Planetary Assault Systems, „Temporary Suspension“ (Ostgut/Ton)

Transzendenz

Große Momente des Pop von Kate Bush bis Lionel Richie auf Sekundenbruchteile reduzieren und daraus endlose Spannungsbögen bauen: Mit dieser Formel landete Axel Willner aus Stockholm vor zwei Jahren als The Field einen Überraschungserfolg über die Grenzen der Techno-Gemeinde hinaus. Sein Debüt „From Here We Go Sublime“ wurde zum Kritikeralbum des Jahres und kann als eines der herausragenden Projekte der Techno-Institution Kompakt gelten. Die Erwartungen an den Nachfolger waren hoch, man musste sich schon fragen, welche Richtung Willner einschlagen würde. Wiederholung des Bekannten? Öffnung hin zu etwas Neuem? Die Antwort lautet: sowohl als auch. Vielleicht soll der leicht unschlüssige Titel „Yesterday & Today“ diese Zwiegespaltenheit zum Ausdruck bringen. Von den sechs ausgedehnten Stücken greift eine Hälfte die bewährte The-Field-Methode auf, der Rest des Albums betritt Neuland. Die größte Veränderung: Willner arbeitet zum ersten Mal nicht nur mit dem Computer, sondern auch mit anderen Musikern. Aus dem Soloprojekt ist während der Live-Touren eine Band geworden. Besonders freuen kann man sich über den Gastauftritt von Battles-Schlagzeuger John Stanier, dessen unerbittlicher Puls für kräftigen Fahrtwind sorgt. Und Willner hat sich zum ersten Mal an eine Coverversion mit Gesang gewagt. „Everybody’s Got to Learn Sometime“ von The Korgis bekommt bei ihm eine fragile, viel dunklere Anmutung. Wohin es in Zukunft auch gehen mag – die Richtung stimmt.

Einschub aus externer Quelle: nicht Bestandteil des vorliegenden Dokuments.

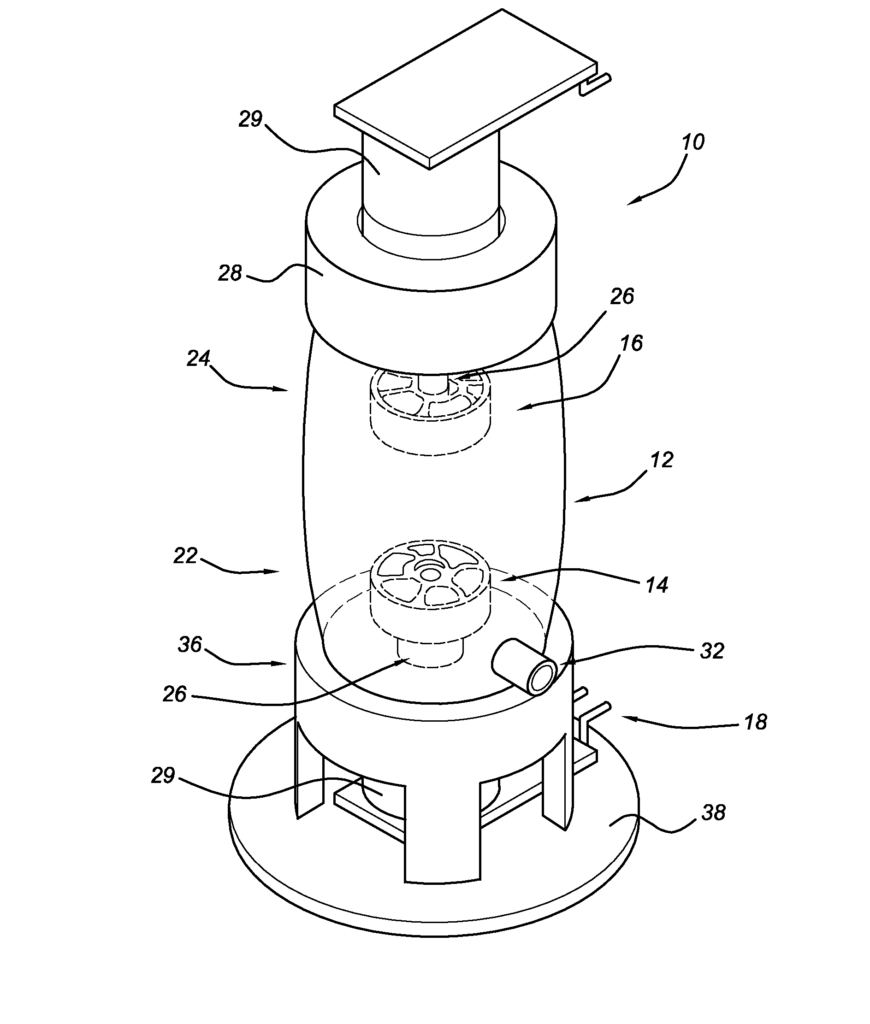 Depiction of an apparatus for culturing muscle tissue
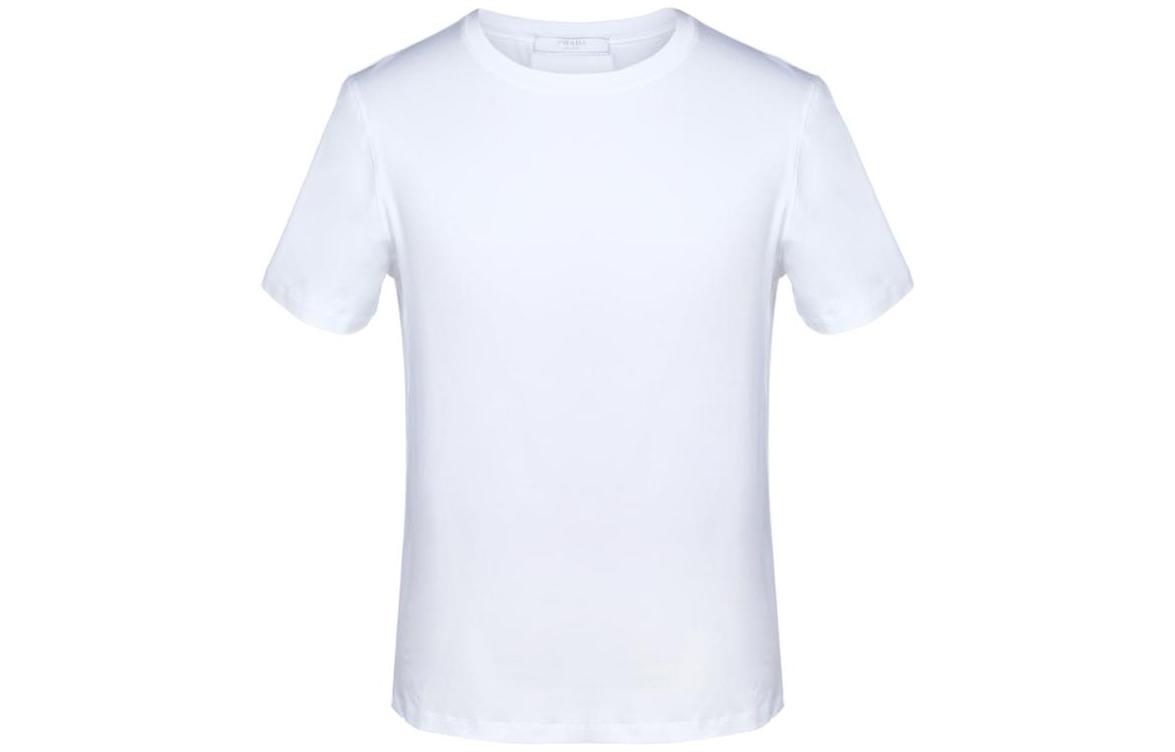 Order PRADA SS21 Baju-T Kapas Leher-V Putih UJM565-710-F0009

The Field: „Yesterday & Today“ (Kompakt)

Adoleszenz

Wovon lässt sich ein Techno-Produzent beeinflussen, der erst im Jahr 1987 geboren wurde? Für Pascal Terstappen jedenfalls scheinen Großmeister des präzisen Abspeckens wie Richie Hawtin keine dominante Rolle zu spielen. Der jungenhafte Niederländer wirft in seinen Stücken lieber schwelgerische Analog-Klänge, schmutzig schrabbelnde Keyboard-Flächen und allerlei buntes Spielzeug zusammen. Indierock ist für ihn mindestens genauso wichtig wie Electronica, jene ruhigere Spielart programmierter Musik, die nicht unbedingt den Anspruch erhebt, dass man sie zum Tanzen auflegt. In diesem Zwischenreich bewegt sich Applescal mit seinem Debüt. Das Kölner Techno-Label Traum hatte gerade mal eine Maxi von ihm veröffentlicht, als sie beschlossen, gleich sein ganzes Album ins Programm zu nehmen. Bei vorsichtigen zehn Alben in zehn Jahren ist die Entscheidung keine Selbstverständlichkeit. Doch Terstappen macht neben gestandenen Produzenten wie Thomas Fehlmann oder Dominik Eulberg eine völlig überzeugende Figur, und er wäre nicht der erste Künstler, den die Macher von Traum erfolgreich aufgebaut haben. „A Slave’s Commitment“ versprüht Unmengen an Lebendigkeit und unverbrauchter Energie. Man meint, echte Musiker statt Musiksoftware zu hören. Über Mangel an Ideen kann man bei Terstappen nicht klagen, auf das nächste Album darf man gespannt sein. Für ein Label, das sich wie Traum der Verspieltheit verschrieben hat, ist Applescal die beste aller möglichen Entscheidungen.